WHAT TO DO: Begin at the line that contains "Jefferson County Jail, MO Inmate Roster" and reproduce it along with every line after it to the end of the listing; skip any pictures.

PROVIDED DATA:
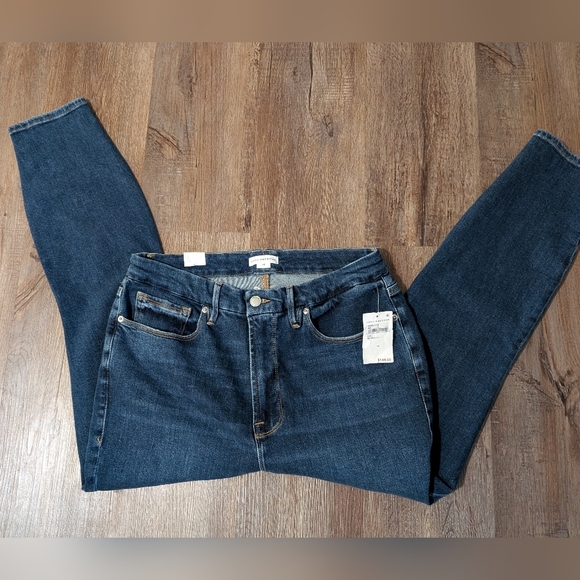 Good American Good Waist Skinny High Rise Crop Jean Size 15, NWT - Picture 2 of 8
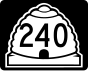 State Route 240 marker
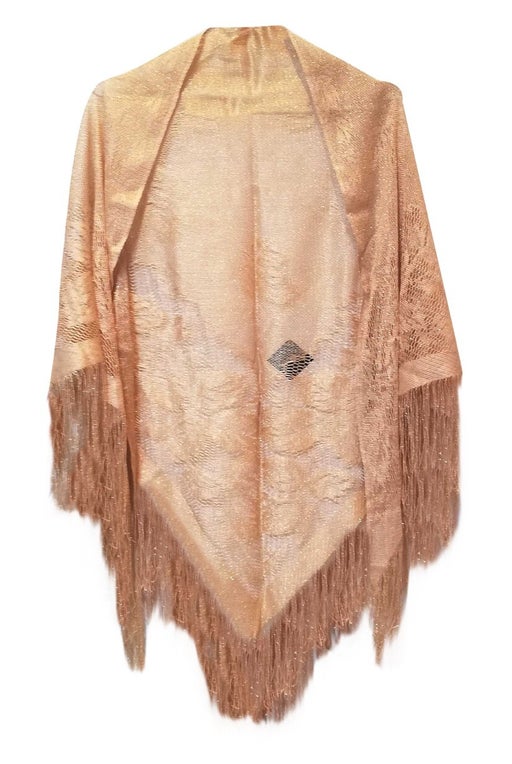 Lurex shawl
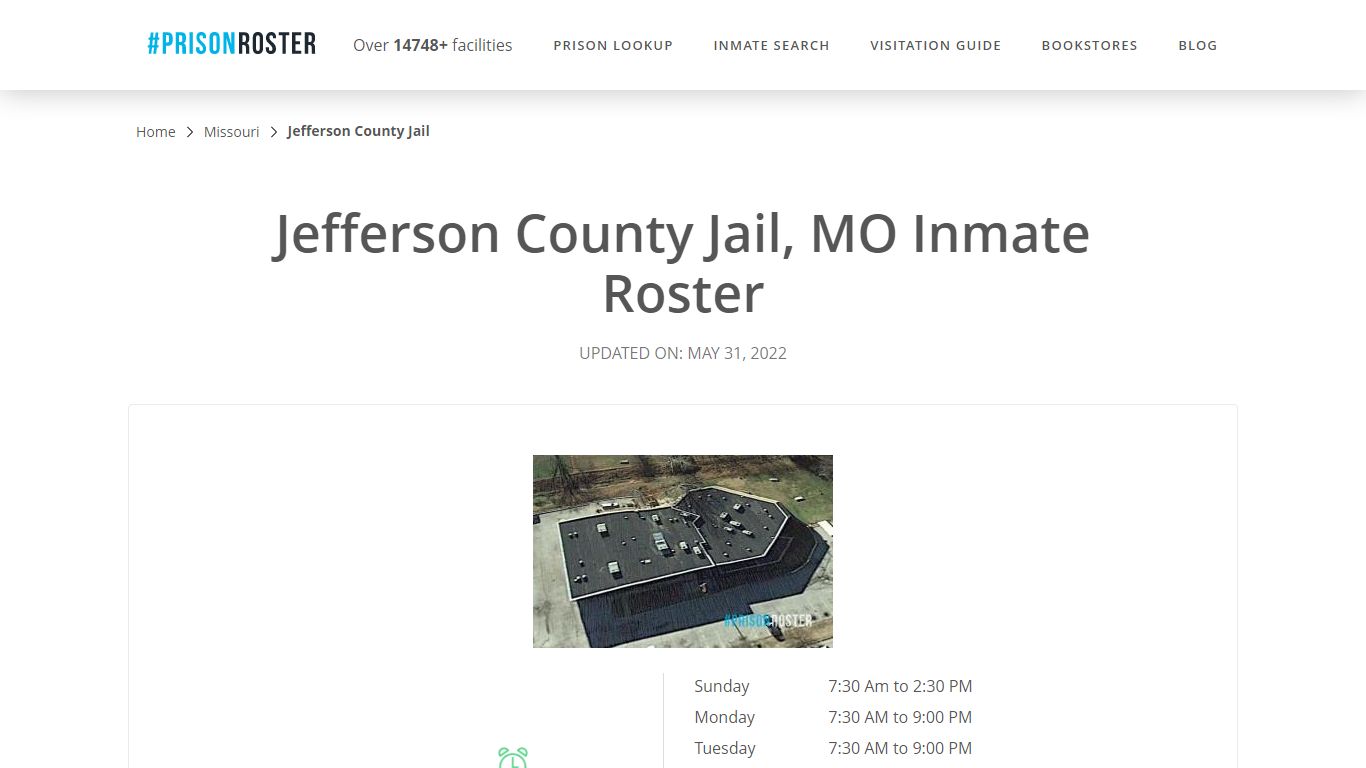 Jefferson County Jail, MO Inmate Roster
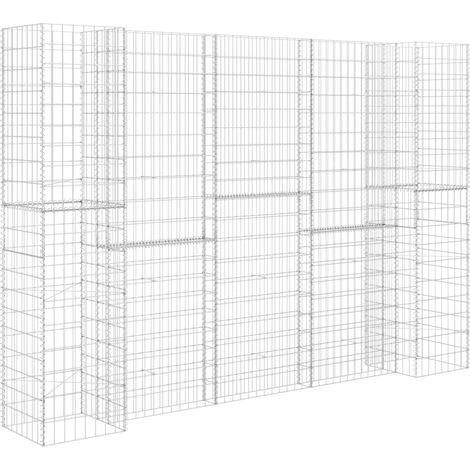 Maison Exclusive - Gabbione Fioriera ad "H" in Filo di Acciaio 260x40x180 cm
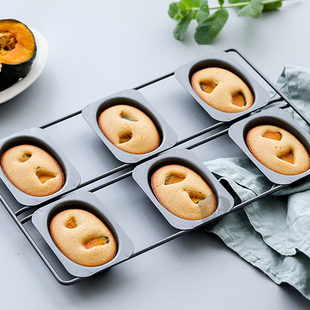 橡树果子椭圆磅蛋糕烤盘6连 蛋形玛德琳模具费南雪不粘烤盘铁线盘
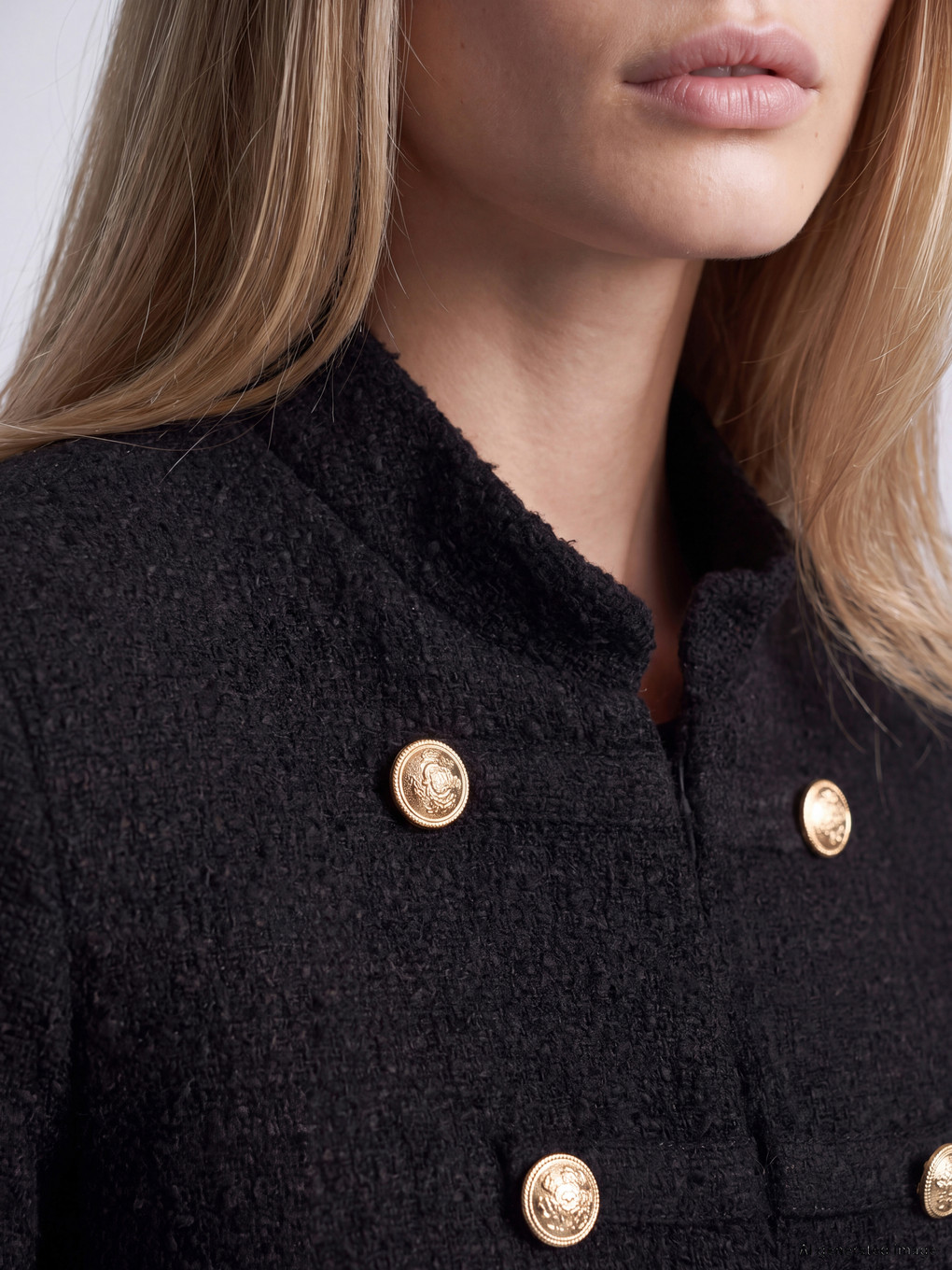 Fancy China Buttoned Women's Tweed Jacket-2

YOUR RESPONSE:
 Jefferson County Jail, MO Inmate Roster
 Maison Exclusive - Gabbione Fioriera ad "H" in Filo di Acciaio 260x40x180 cm
 橡树果子椭圆磅蛋糕烤盘6连 蛋形玛德琳模具费南雪不粘烤盘铁线盘
 Fancy China Buttoned Women's Tweed Jacket-2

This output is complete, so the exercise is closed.